• **WHAT YOU HAVE TO DO**: Leaving the images aside, transcribe all the data below exactly.

▶

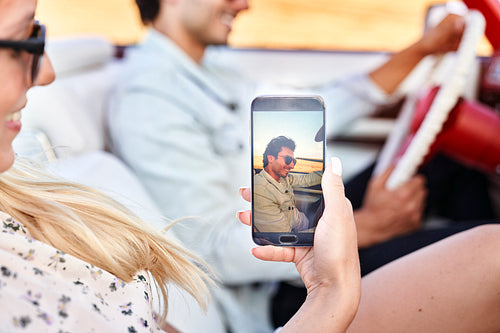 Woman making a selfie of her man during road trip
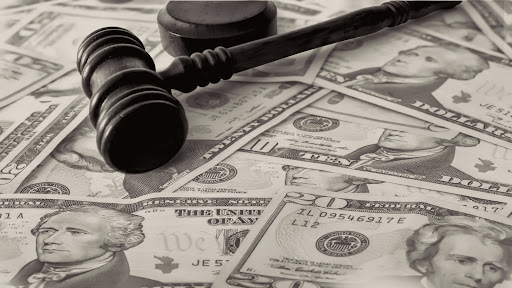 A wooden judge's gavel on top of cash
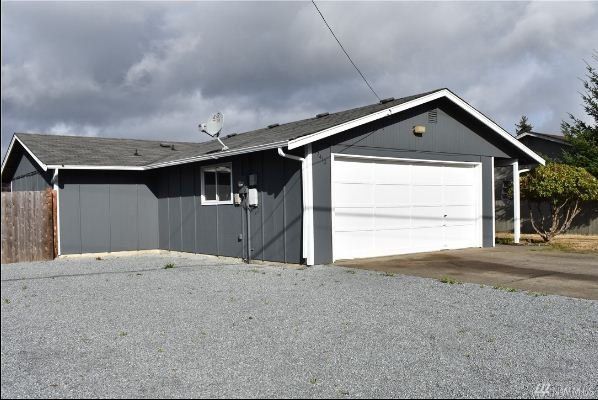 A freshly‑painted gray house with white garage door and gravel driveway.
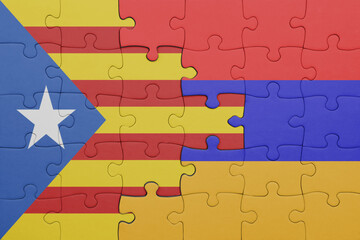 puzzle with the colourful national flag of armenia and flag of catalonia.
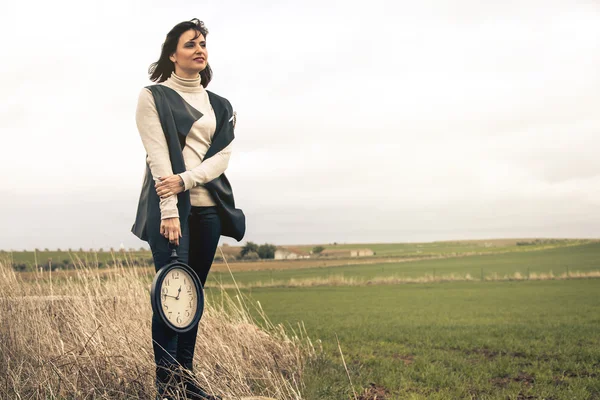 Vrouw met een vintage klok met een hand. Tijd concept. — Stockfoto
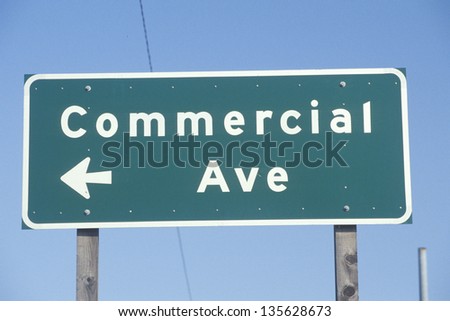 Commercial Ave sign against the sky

◀

• **SOLVED EXERCISE**:
 Woman making a selfie of her man during road trip
 A wooden judge's gavel on top of cash
 A freshly‑painted gray house with white garage door and gravel driveway.
 puzzle with the colourful national flag of armenia and flag of catalonia.
 Vrouw met een vintage klok met een hand. Tijd concept. — Stockfoto
 Commercial Ave sign against the sky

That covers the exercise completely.